RECORD SET

☆ ☆ ☆ ☆ ☆ ☆ ☆

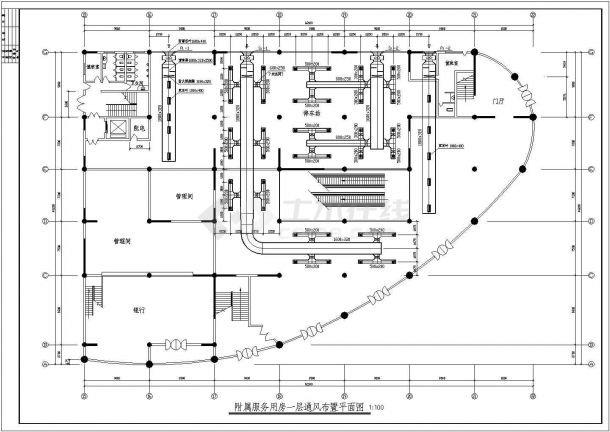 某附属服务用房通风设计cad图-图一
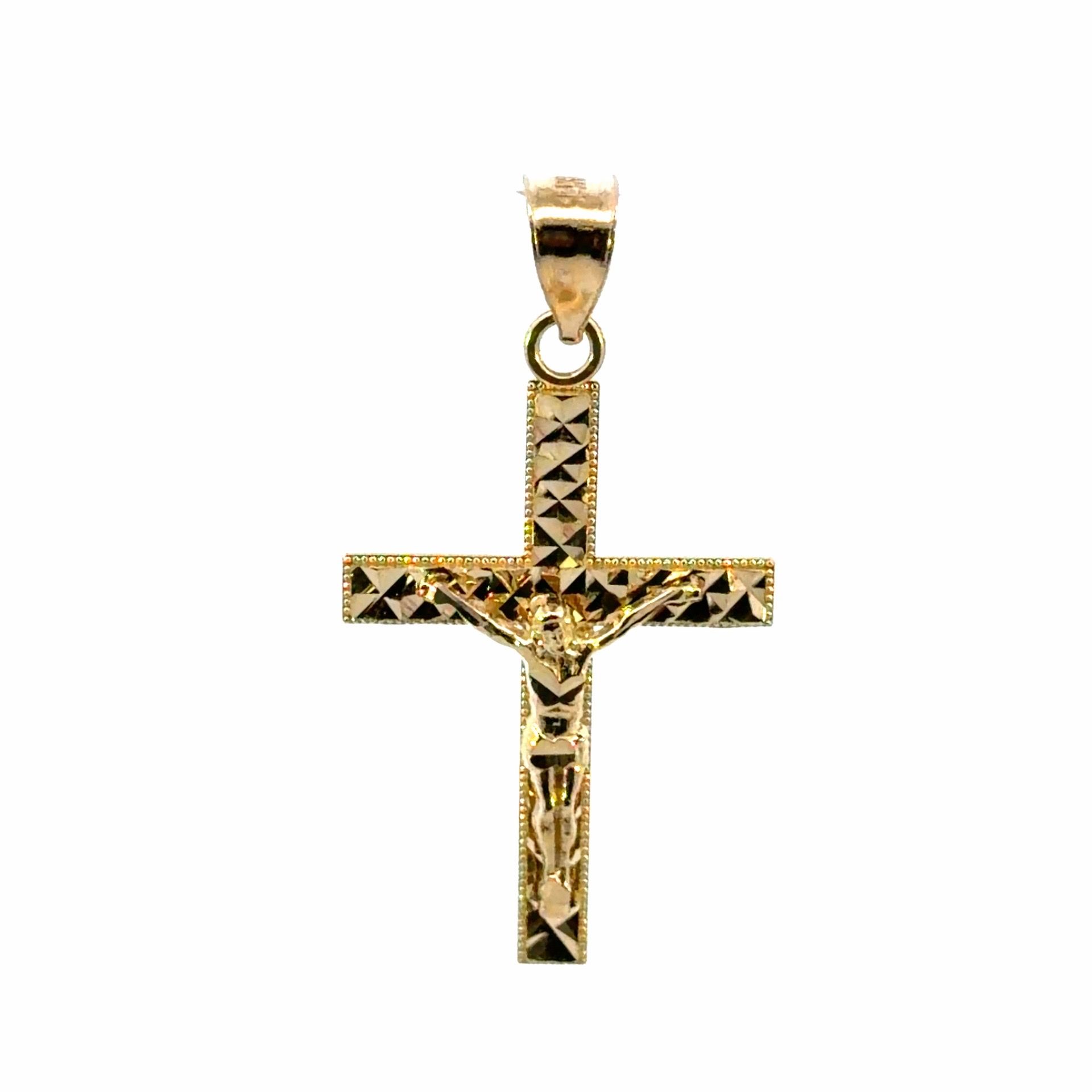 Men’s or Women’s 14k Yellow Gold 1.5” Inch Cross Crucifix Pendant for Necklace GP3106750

☆ ☆ ☆ ☆ ☆ ☆ ☆

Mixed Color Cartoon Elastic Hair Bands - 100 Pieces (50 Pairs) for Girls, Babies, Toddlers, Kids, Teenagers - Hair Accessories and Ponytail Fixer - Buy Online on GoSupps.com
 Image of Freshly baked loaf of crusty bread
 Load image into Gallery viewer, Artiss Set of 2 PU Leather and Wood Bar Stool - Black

☆ ☆ ☆ ☆ ☆ ☆ ☆

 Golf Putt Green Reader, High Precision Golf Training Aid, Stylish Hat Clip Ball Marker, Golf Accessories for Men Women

☆ ☆ ☆ ☆ ☆ ☆ ☆

TASK PROMPT
The string to find is "Accessories"; copy every line of the listing that has it.

FINISHED EXERCISE
Mixed Color Cartoon Elastic Hair Bands - 100 Pieces (50 Pairs) for Girls, Babies, Toddlers, Kids, Teenagers - Hair Accessories and Ponytail Fixer - Buy Online on GoSupps.com
 Golf Putt Green Reader, High Precision Golf Training Aid, Stylish Hat Clip Ball Marker, Golf Accessories for Men Women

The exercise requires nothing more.